White Sox Move To Eliminate Ballpark Straws Is An Environmental Touchdown
The Chicago White Sox have chosen to eliminate plastic straws from their ballpark for the rest of their season, making them a contender for Chicago's most environmentally-conscious sporting franchise. This choice, the result of a partnership with the notorious straw-haters at the Shedd Aquarium, will probably make it more likely that fans will get some soda slopped down their backs this year. More importantly, it will probably also cause the planet to die just a little more slowly. That sounds morbid, yes, but really, it's a good thing, and a sticky seat or two seems a small price to pay. We think it's a real slam dunk.
The decision, as reported by NBC Chicago 5, means that concession stand workers will no longer automatically provide straws of any kind at Guaranteed Rate Field, though they will begrudgingly hand over biodegradable straws on request. That small concession to concession-purchasers should ensure that anyone who absolutely refuses to consume a carbonated beverage without a long skinny liquid chute can still sip merrily away, and can do so without any sort of straw-related guilt complex. If you care about the environment at all, you should be doing an end zone dance right about now!

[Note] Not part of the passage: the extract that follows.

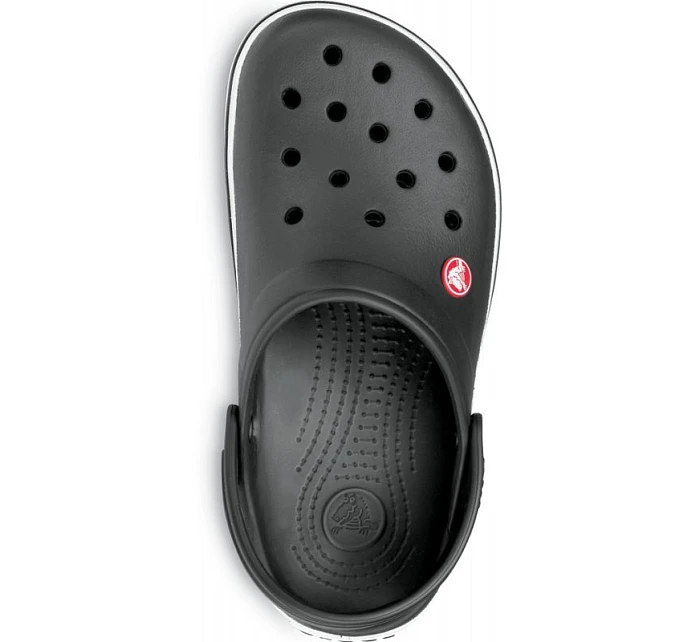 Sandály, žabky Crocs Crocband black 11016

The Sox estimate that their radical straw agenda will save more than 215,000 straws this season, which is a lot of straws. According to Shedd, Americans use approximately 500 million straws per day, while we as a planet dump roughly 19 billion tons of plastic in the ocean annually. Straws that don't biodegrade are, the Shedd the Straw website helpfully notes, nearly impossible to recycle, so "it's likely that every straw ever used still exists on our planet."
That's insane, and the White Sox organization is right to vehemently oppose straws and all they stand for. We applaud you, South Siders—now that's a goooooooaaallll!!! worth scoring.